In Vivo Perfusion and Release of Neuroactive Substances: Methods and Strategies examines the perfusion and release methods and strategies used to study in vivo neurochemistry in relation to electrophysiological and behavioral events. More specifically, it reviews methodological alternatives and experimental strategies for investigating the in vivo perfusion and release of brain substances in the central nervous system. It also assesses the potential and limitations of in vivo perfusion methods, including high-pressure liquid chromatography and highly sensitive as well as specific immunoassays and receptor assays, as a means to discover novel neurochemicals recovered from perfusates.
Organized into two sections comprised of 17 chapters, this book begins with an overview of methodological alternatives and experimental strategies that are deemed critical for the outcome of research on the perfusion and release of neuroactive substances in the CNS. It then discusses the personal experiences of the scientists in studying the in vivo neurochemistry and its correlation with other neural events.

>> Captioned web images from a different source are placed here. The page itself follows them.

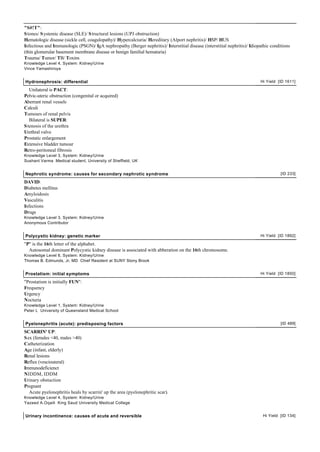"S#!T":
S tones/ S ystemic disease (SLE)/ S tructural lesions (UPJ obstruction)
Hematologic disease (sickle cell, coagulopathy)/ Hypercalciuria/ Hereditary (Alport nephritis)/ HSP/ HUS
Infectious and Immunologic (PSGN)/ IgA nephropathy (Berger nephritis)/ Interstitial disease (interstitial nephritis)/ Idiopathic conditions
(thin glomerular basement membrane disease or benign familial hematuria)
Trauma/ Tumor/ TB/ Toxins
Knowledge Level 4, System: Kidney/Urine
Vince Yamashiroya


Hydronephrosis: differential                                                                                               Hi Yield [ID 1611]

   Unilateral is PACT:
Pelvic-uteric obstruction (congenital or acquired)
Aberrant renal vessels
Calculi
Tumours of renal pelvis
   Bilateral is SUPER:
S tenosis of the urethra
Urethral valve
Prostatic enlargement
Extensive bladder tumour
Retro-peritoneal fibrosis
Knowledge Level 3, System: Kidney/Urine
Sushant Varma Medical student, University of Sheffield, UK


Nephrotic syndrome: causes for secondary nephrotic syndrome                                                                           [ID 233]

DAVID:
Diabetes mellitus
Amyloidosis
Vasculitis
Infections
Drugs
Knowledge Level 3, System: Kidney/Urine
Anonymous Contributor


Polycystic kidney: genetic marker                                                                                          Hi Yield [ID 1892]

"P" is the 16th letter of the alphabet.
  Autosomal dominant Polycystic kidney disease is associated with abberation on the 16th chromosome.
Knowledge Level 6, System: Kidney/Urine
Thomas B. Edmunds, Jr, MD Chief Resident at SUNY Stony Brook


Prostatism: initial symptoms                                                                                               Hi Yield [ID 1850]

"Prostatism is initially FUN":
Frequency
Urgency
Nocturia
Knowledge Level 1, System: Kidney/Urine
Peter L University of Queensland Medical School


Pyelonephritis (acute): predisposing factors                                                                                          [ID 489]

SCARRIN' UP:
S ex (females <40, males >40)
Catheterization
Age (infant, elderly)
Renal lesions
Reflux (vesciouteral)
Immunodeficienct
NIDDM, IDDM
Urinary obstuction
Pregnant
   Acute pyelonephritis heals by scarrin' up the area (pyelonephritic scar).
Knowledge Level 4, System: Kidney/Urine
Yazeed A.Oqaili King Saud University Medical College


Urinary incontinence: causes of acute and reversible                                                                        Hi Yield [ID 134]
 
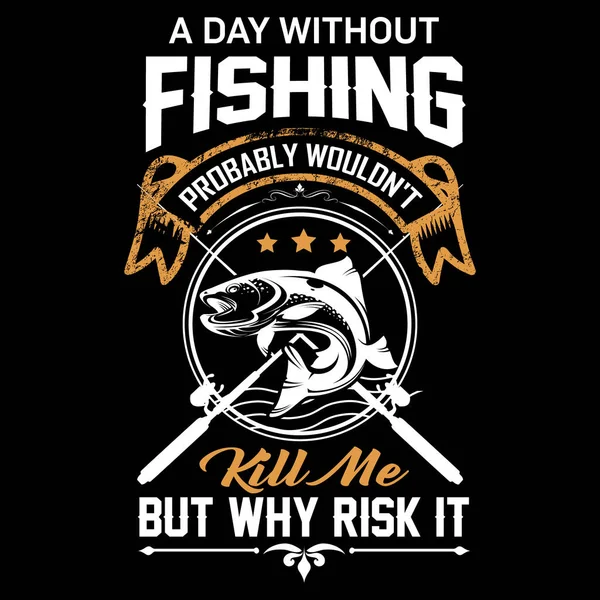 Diseño Camisetas Pesca Gráfico Vectorial Póster Tipográfico Camiseta — Archivo Imágenes Vectoriales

The chapters that follow focus on the chemical, bioelectrical, and behavioral aspects of brain function; interdisciplinary techniques for approaching problems of neuronal connectivity, neuroendocrinology, motor behavior, neuropathology, etc.; technical issues associated with push-pull perfusion in unanesthetized and unrestrained experimental animals; hippocampal involvement in the effects of ethyl alcohol; and the use of the push-pull perfusion technique in neuroendocrinology.
This book will be of interest to specialists and neuroscientists as well as students working in the fields of neuroscience, neurochemistry, and neuroendocrinology.